The official list of attendees includes Strauss Zelnick of Take Two Interactive, Robert Altman (no, not that one) of ZeniMax, Michael Gallagher of the ESA, Republican Representative Vicky Hartzler, and Brent Bozell of the Parents Television Council. None of whom have developed a video game.
(Yes, *that* Brent Bozell, famous for taking on World Wrestling Entertainment and losing a 3.5 million dollar lawsuit after his Parents Television Council stated pro wrestling was responsible for the death of four children.)
Trump re-ignited the video game violence controversy following comments made in the wake of the Parkland shooting; specifically in regards to what could be the root cause of mass shootings in the country. He focused on violent media: “In the wake of the parkland shooting, President Trump made statements regarding violent video games that led to the meeting: “We have to look at the Internet, because a lot of bad things are happening to young kids and young minds, and their minds are being formed…We have to do something about maybe what they’re seeing and how they’re seeing it. And also video games. I’m hearing more and more people say the level of violence on video games is really shaping young people’s thoughts.”
That Trump chose to meet with CEOs and not creative types is an interesting – and possibly concerning, choice. Developers like Cliff Bleszinski or Jade Raymond, or the aforementioned Dan Houser or Kevin Levine, might be able to make a case for games as art, and communicate their immense value in a cultural sense. Stating that violence does not a violent person make, and to collectively shame the industry into self-censorship of any kind, would be both a violation of American principles, and stymie the creativity of some truly, wondrously, talented people with a passion for interactive storytelling.

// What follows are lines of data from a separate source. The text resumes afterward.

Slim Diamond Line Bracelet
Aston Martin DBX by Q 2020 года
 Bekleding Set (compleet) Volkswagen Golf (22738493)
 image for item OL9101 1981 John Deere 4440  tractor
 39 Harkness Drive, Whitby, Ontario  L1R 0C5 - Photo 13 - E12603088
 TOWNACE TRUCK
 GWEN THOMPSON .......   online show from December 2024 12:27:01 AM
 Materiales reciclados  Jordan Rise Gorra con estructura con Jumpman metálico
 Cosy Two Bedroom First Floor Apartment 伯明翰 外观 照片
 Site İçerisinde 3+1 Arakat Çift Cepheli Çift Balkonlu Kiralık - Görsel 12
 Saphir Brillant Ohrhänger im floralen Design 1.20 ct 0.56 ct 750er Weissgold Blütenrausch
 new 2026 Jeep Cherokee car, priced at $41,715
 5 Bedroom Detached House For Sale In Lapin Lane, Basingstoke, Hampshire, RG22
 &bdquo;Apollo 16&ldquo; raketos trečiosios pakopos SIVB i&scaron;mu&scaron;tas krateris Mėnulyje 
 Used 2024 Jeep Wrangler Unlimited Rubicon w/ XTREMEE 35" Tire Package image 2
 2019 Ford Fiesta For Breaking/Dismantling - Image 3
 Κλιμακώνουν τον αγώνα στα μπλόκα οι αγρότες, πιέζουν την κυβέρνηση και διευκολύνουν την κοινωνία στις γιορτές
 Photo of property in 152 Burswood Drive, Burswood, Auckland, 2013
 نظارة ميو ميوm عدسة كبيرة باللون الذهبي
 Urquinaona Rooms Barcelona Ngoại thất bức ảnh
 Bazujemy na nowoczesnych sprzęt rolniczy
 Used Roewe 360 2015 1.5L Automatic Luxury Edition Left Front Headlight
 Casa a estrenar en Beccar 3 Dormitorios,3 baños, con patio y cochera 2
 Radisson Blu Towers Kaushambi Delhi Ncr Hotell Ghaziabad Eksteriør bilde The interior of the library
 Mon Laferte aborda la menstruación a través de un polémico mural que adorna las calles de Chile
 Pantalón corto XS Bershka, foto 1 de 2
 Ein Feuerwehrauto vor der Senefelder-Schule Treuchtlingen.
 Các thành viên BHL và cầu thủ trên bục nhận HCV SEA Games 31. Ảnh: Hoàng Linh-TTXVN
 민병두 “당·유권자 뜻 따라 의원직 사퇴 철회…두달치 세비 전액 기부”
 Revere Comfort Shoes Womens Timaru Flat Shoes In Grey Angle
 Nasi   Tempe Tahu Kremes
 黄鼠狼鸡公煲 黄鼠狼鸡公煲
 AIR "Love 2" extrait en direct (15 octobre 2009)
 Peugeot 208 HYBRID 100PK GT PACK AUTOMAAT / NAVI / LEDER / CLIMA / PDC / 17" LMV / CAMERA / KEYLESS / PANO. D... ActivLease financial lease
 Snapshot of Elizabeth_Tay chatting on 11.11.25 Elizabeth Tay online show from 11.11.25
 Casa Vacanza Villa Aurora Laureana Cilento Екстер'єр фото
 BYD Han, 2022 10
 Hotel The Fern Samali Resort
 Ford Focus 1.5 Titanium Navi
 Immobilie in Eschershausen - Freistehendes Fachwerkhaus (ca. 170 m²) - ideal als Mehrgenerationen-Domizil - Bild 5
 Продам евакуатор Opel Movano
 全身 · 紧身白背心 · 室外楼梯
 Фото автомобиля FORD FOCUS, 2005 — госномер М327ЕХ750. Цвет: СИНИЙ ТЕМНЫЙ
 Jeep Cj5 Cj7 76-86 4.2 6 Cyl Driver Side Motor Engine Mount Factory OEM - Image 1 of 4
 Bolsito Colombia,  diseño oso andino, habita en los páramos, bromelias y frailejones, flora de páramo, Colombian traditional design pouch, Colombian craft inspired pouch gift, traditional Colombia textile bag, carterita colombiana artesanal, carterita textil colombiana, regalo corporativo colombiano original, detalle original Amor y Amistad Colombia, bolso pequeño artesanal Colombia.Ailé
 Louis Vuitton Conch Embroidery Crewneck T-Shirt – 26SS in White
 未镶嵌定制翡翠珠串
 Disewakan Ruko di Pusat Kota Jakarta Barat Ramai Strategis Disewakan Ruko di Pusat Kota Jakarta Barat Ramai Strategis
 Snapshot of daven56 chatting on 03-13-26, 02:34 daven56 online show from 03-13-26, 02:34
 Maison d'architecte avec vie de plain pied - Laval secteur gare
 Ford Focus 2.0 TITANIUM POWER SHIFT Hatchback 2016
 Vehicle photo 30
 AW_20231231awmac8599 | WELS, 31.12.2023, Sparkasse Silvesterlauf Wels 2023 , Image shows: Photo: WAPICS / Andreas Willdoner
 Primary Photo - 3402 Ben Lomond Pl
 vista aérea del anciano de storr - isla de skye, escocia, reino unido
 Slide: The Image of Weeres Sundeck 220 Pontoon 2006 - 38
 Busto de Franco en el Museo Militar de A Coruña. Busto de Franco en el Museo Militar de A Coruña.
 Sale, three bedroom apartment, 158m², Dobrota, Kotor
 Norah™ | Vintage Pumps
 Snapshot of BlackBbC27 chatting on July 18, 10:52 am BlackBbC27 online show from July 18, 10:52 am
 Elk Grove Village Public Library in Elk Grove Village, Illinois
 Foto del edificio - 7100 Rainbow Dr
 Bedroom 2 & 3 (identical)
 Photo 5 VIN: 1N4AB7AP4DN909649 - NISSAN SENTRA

But no. Instead, it’s those guys’ bosses….which makes sense in a way ‘games as art’ isn’t really the question here, nor is their artistic merit. The question is whether violent games be easily accessible to children; and in the absence of parents to regulate and monitor their children’s game playing habits, what is the role of business – and potentially the government – to restrict that access for their own good.
And…that’s fundamentally a question for a business person. Who knows exactly how their titles are marketed, purchased, and enjoyed. They are people of data and statistics. Are the most violent games the most popular? What is the average age of a player with these games? Would they support actual laws restricting the sale of these games to people over the age of 18?
With Representative Bobby Nardolillo introducing a 10 percent tax on M-Rated games to the Rhode Island Legislator, and Hawaiian Representative Chris Lee previously introducing legislation to regulate games with Loot Boxes in them, it’s clear people in power are willing – and perhaps eager, to legislate the content of interactive entertainment in the name of the greater good.
And as for what good will come out of the meeting with Donald Trump? You might just need a cheat code to find out.